• DATA SHOWN:
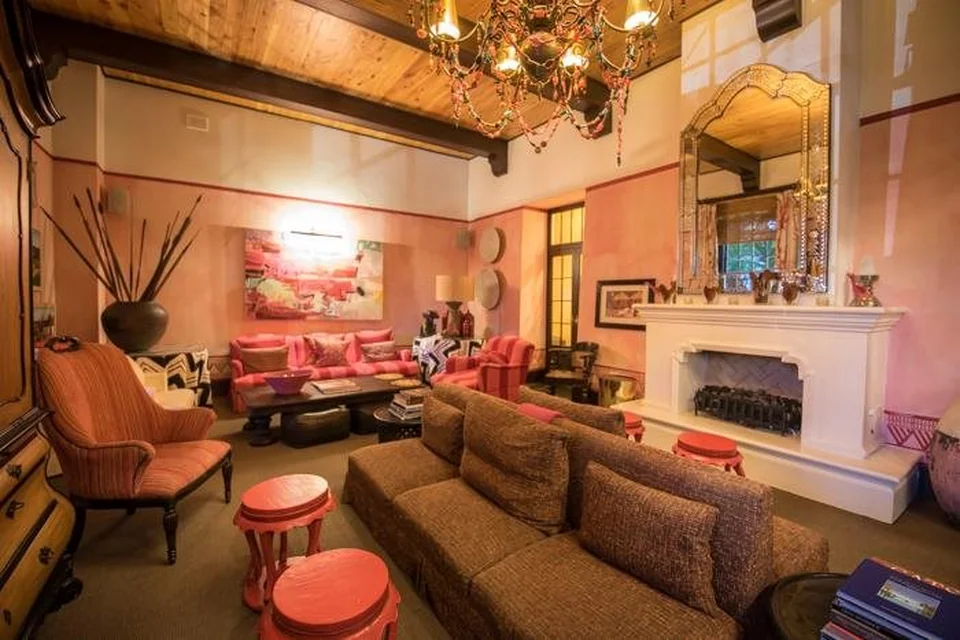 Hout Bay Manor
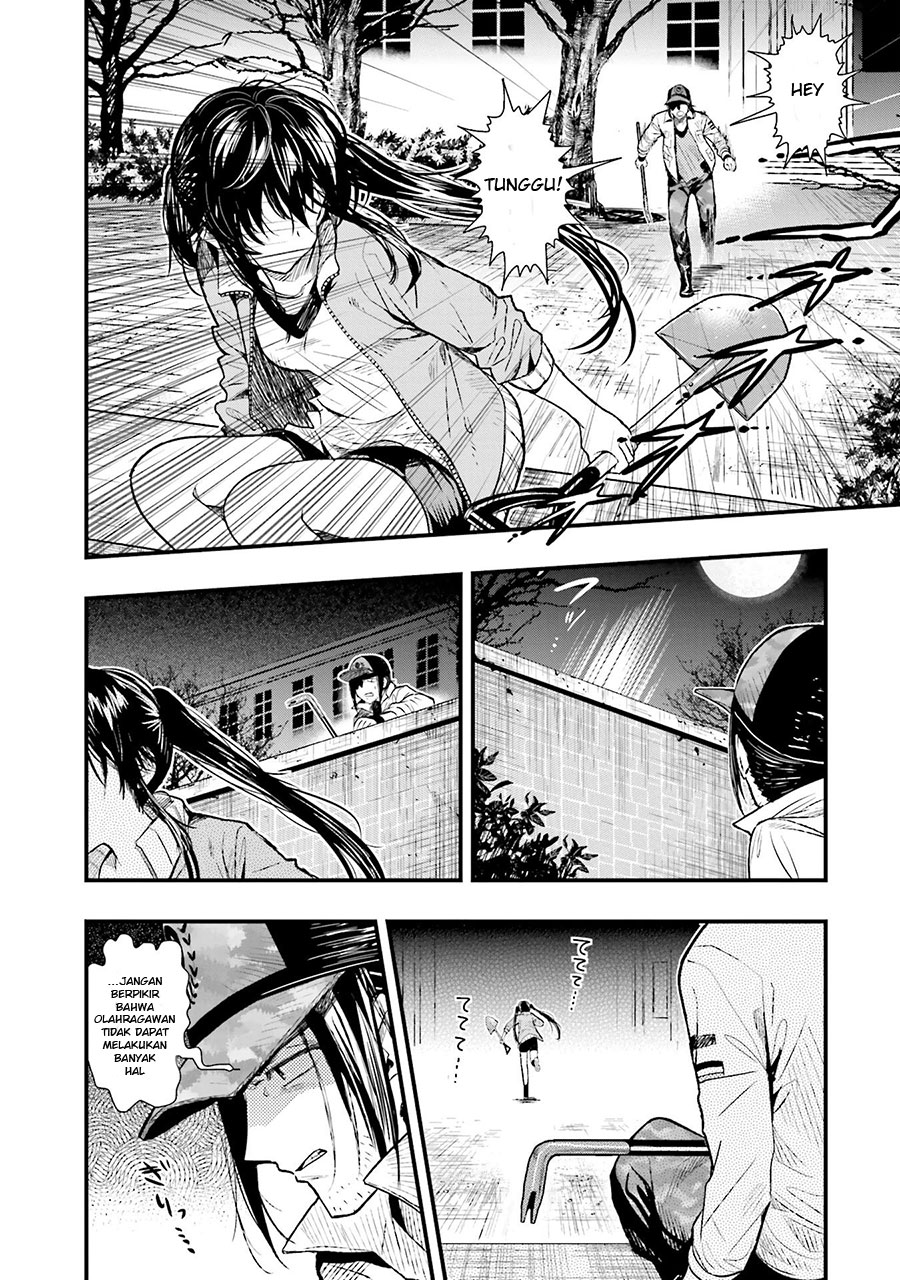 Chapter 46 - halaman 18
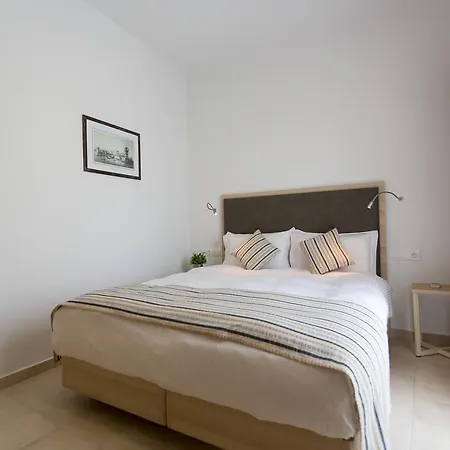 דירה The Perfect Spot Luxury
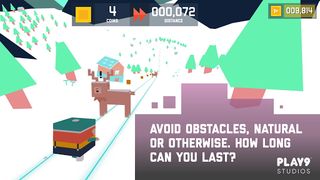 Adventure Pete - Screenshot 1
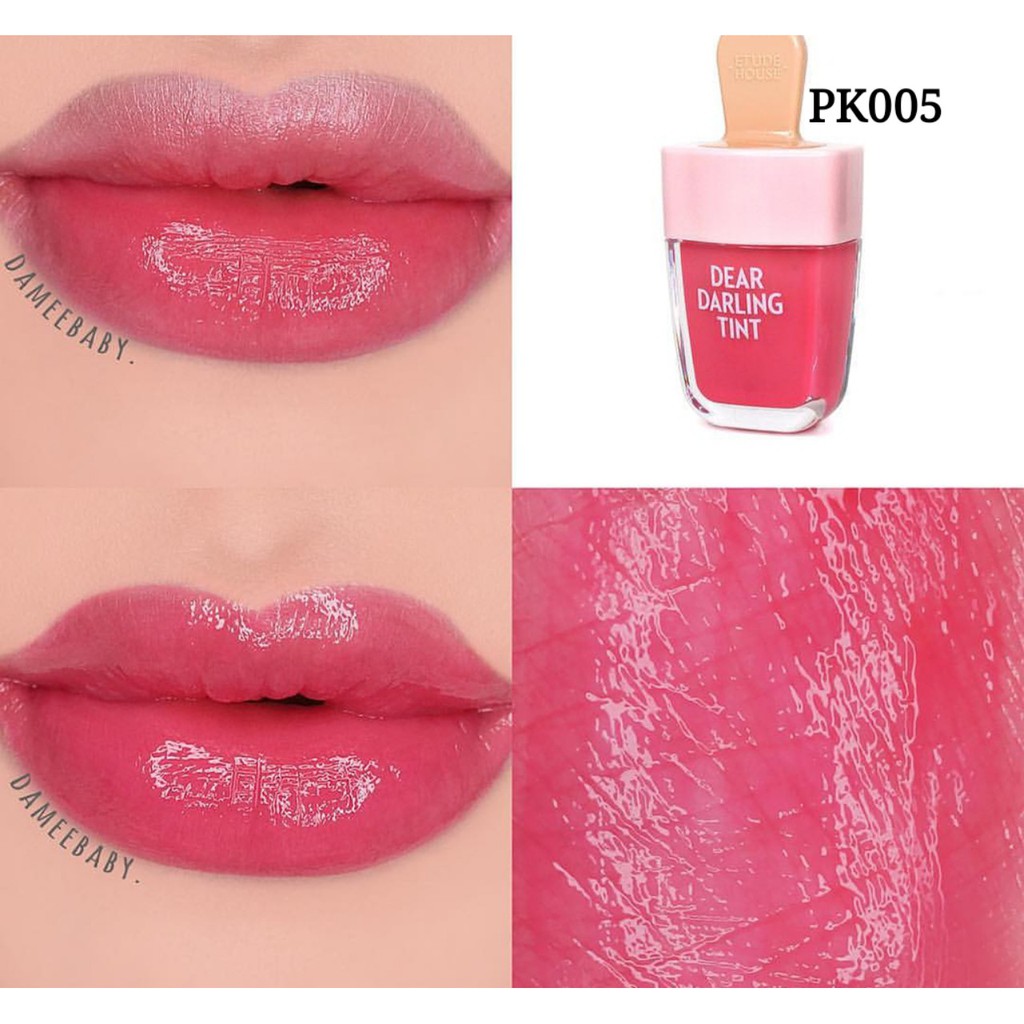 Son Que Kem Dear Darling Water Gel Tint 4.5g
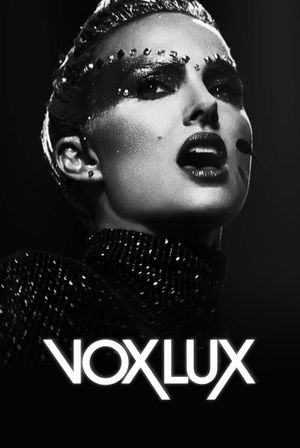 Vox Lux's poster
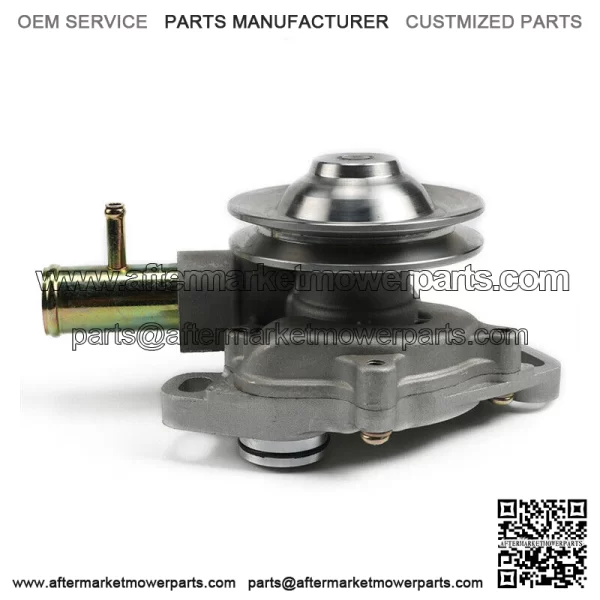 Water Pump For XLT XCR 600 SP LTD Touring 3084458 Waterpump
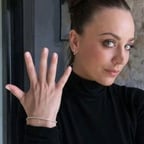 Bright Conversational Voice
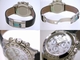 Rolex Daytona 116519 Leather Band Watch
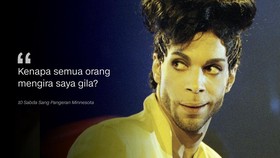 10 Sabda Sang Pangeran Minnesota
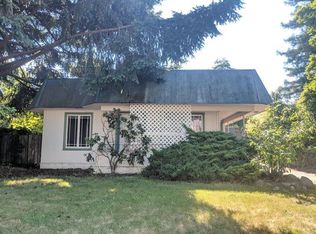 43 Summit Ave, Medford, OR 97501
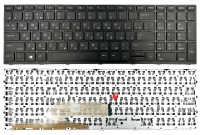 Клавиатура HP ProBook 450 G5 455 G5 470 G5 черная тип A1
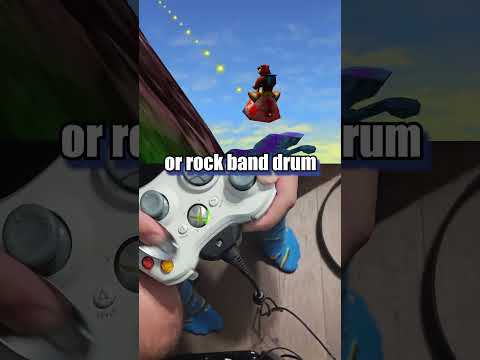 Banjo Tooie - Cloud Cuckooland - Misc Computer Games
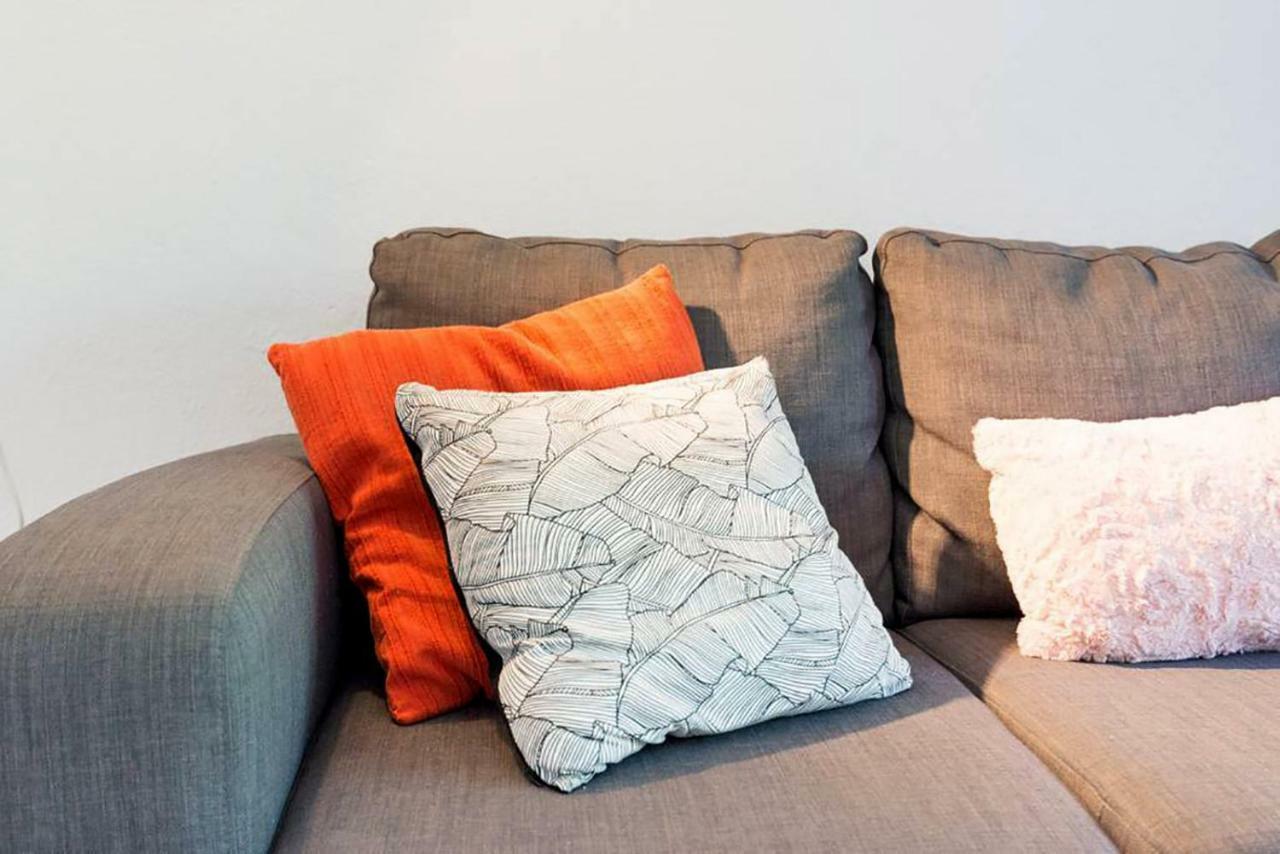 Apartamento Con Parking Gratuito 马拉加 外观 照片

• TASK PROMPT:
Line by line and exactly, reproduce the span from the line with "43 Summit Ave, Medford, OR 97501" through the end of the data above, both ends included, with pictures left out.

• SOLUTION BELOW:
 43 Summit Ave, Medford, OR 97501
 Клавиатура HP ProBook 450 G5 455 G5 470 G5 черная тип A1
 Banjo Tooie - Cloud Cuckooland - Misc Computer Games
 Apartamento Con Parking Gratuito 马拉加 外观 照片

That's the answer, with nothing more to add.